— TASK STATEMENT —
Reproduce the listing below in full and without alteration, apart from its pictures.

— STORED DATA —

⟨

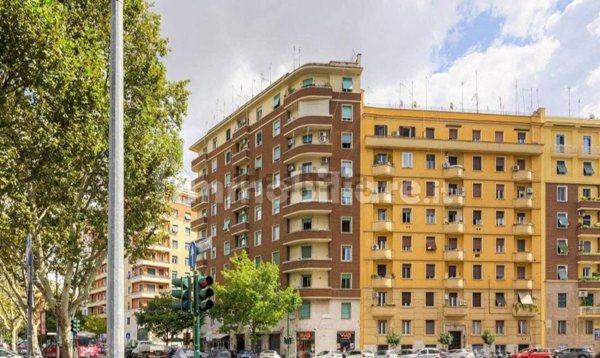 appartamento in affitto a Roma in zona Della Vittoria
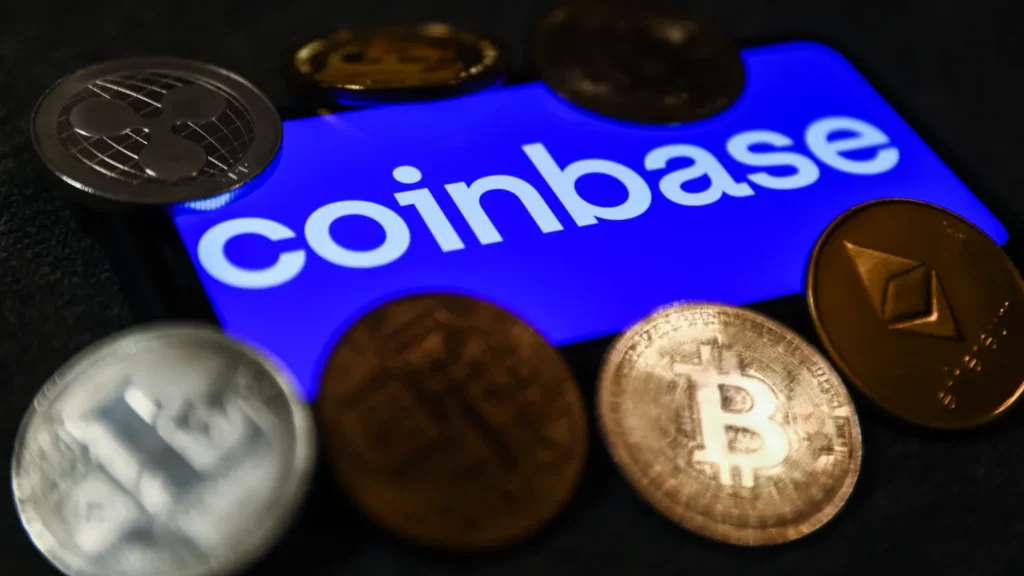 coinbase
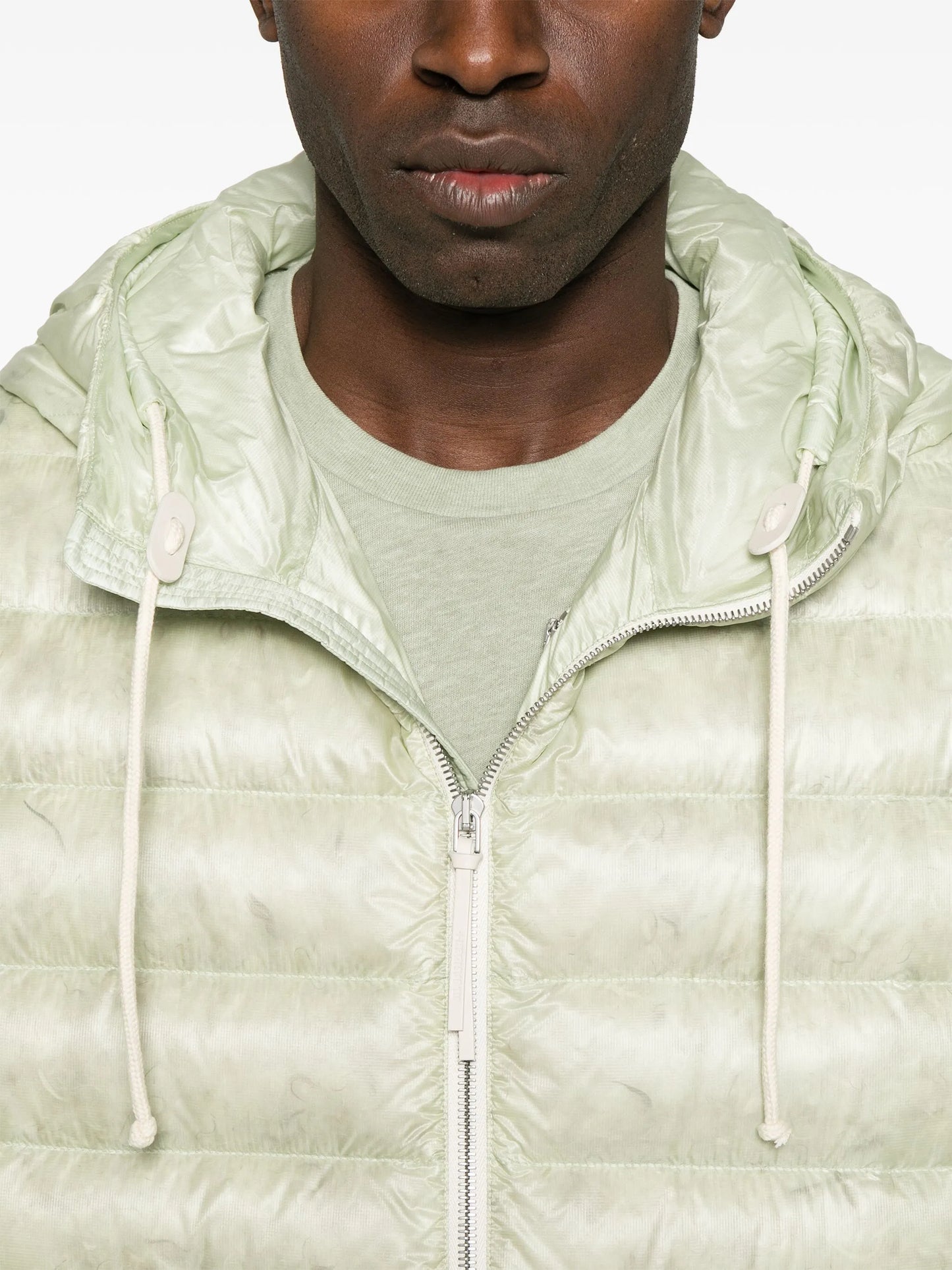down jacket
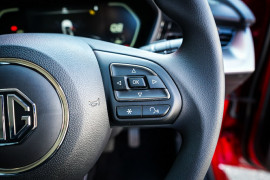 2024 MG MG5 AP32 Vibe Sedan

⟩

— TASK RESULT —
 appartamento in affitto a Roma in zona Della Vittoria
 coinbase
down jacket
 2024 MG MG5 AP32 Vibe Sedan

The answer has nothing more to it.